### What is being asked
Could you reproduce, word for word, everything below from the line containing "Įtaka: S.Valiukevičienės teigimu, vienas" down to the line containing "Application scheme, Ionization", with both of those lines included and no others?

### Dataset excerpts
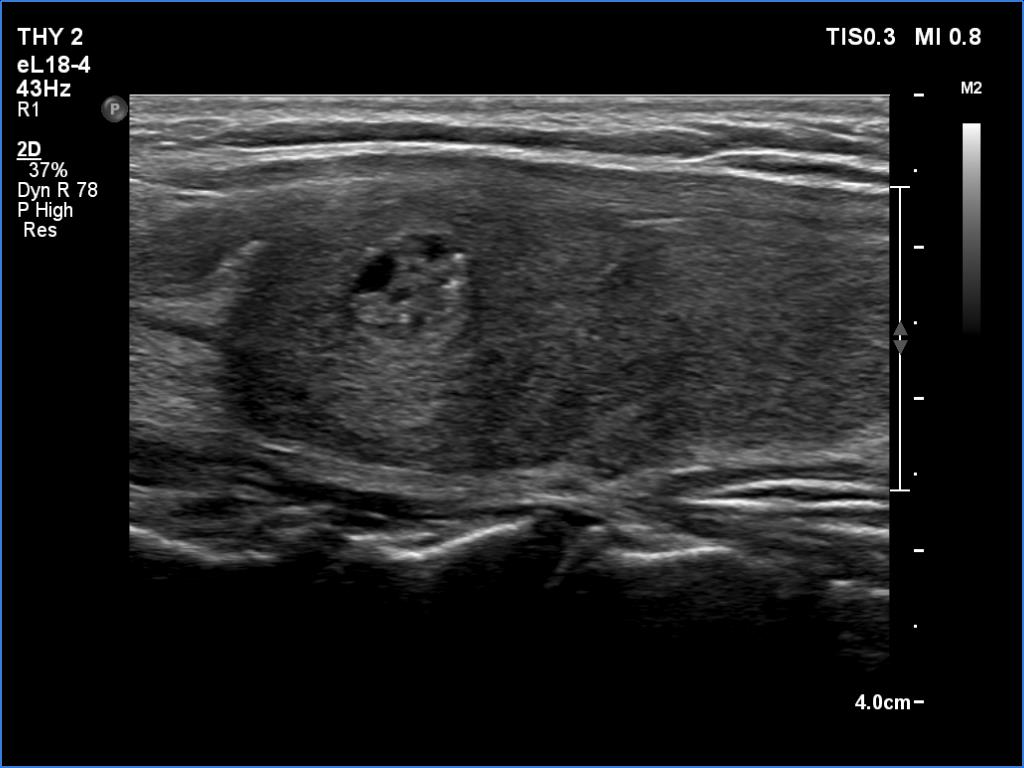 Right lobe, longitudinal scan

---

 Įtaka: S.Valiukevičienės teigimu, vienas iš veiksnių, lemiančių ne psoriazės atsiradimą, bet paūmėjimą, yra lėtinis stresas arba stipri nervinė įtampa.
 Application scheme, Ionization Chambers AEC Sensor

### Response for this exercise
 Įtaka: S.Valiukevičienės teigimu, vienas iš veiksnių, lemiančių ne psoriazės atsiradimą, bet paūmėjimą, yra lėtinis stresas arba stipri nervinė įtampa.
 Application scheme, Ionization Chambers AEC Sensor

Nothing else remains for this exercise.